• **WHAT TO WORK ON**
Retype the data below exactly, skipping pictures.

• **AVAILABLE DATA**
- Opening Delimiter -

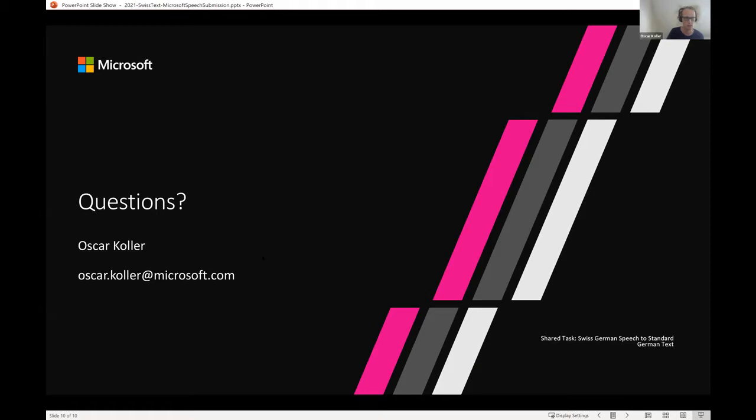My name is Oscar Koller — contact me by email; I'll share the slides later. We are part of the Microsoft speech team based in Munich. We're always looking for interns and students interested in challenging topics. Currently we're working on Swiss German, so if you're interested in an internship, reach out.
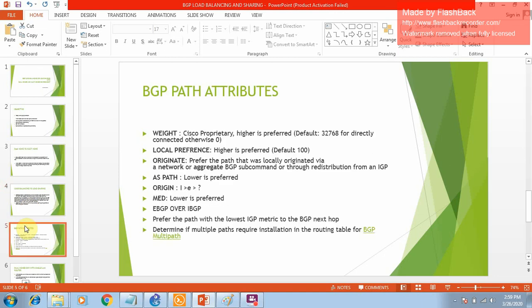Before the demonstration, we need to understand how BGP selects the best path when multiple paths exist in the table. BGP has different path attributes listed by priority from 1 to 10. Weight has the highest priority - it is a Cisco proprietary attribute. The default weight for a directly connected neighbor is 32768, whereas the default for others is zero. You can prioritize traffic through a particular link by giving it a higher weight using route maps.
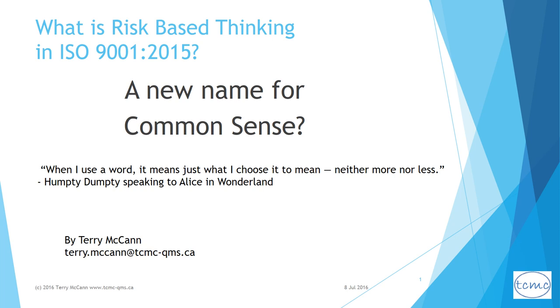What is risk-based thinking as required in ISO 9001 2015? Hello, I'm Terry McCann.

- Closing Delimiter -

• **ANSWER FOR THE TASK**
My name is Oscar Koller — contact me by email; I'll share the slides later. We are part of the Microsoft speech team based in Munich. We're always looking for interns and students interested in challenging topics. Currently we're working on Swiss German, so if you're interested in an internship, reach out.
Before the demonstration, we need to understand how BGP selects the best path when multiple paths exist in the table. BGP has different path attributes listed by priority from 1 to 10. Weight has the highest priority - it is a Cisco proprietary attribute. The default weight for a directly connected neighbor is 32768, whereas the default for others is zero. You can prioritize traffic through a particular link by giving it a higher weight using route maps.
What is risk-based thinking as required in ISO 9001 2015? Hello, I'm Terry McCann.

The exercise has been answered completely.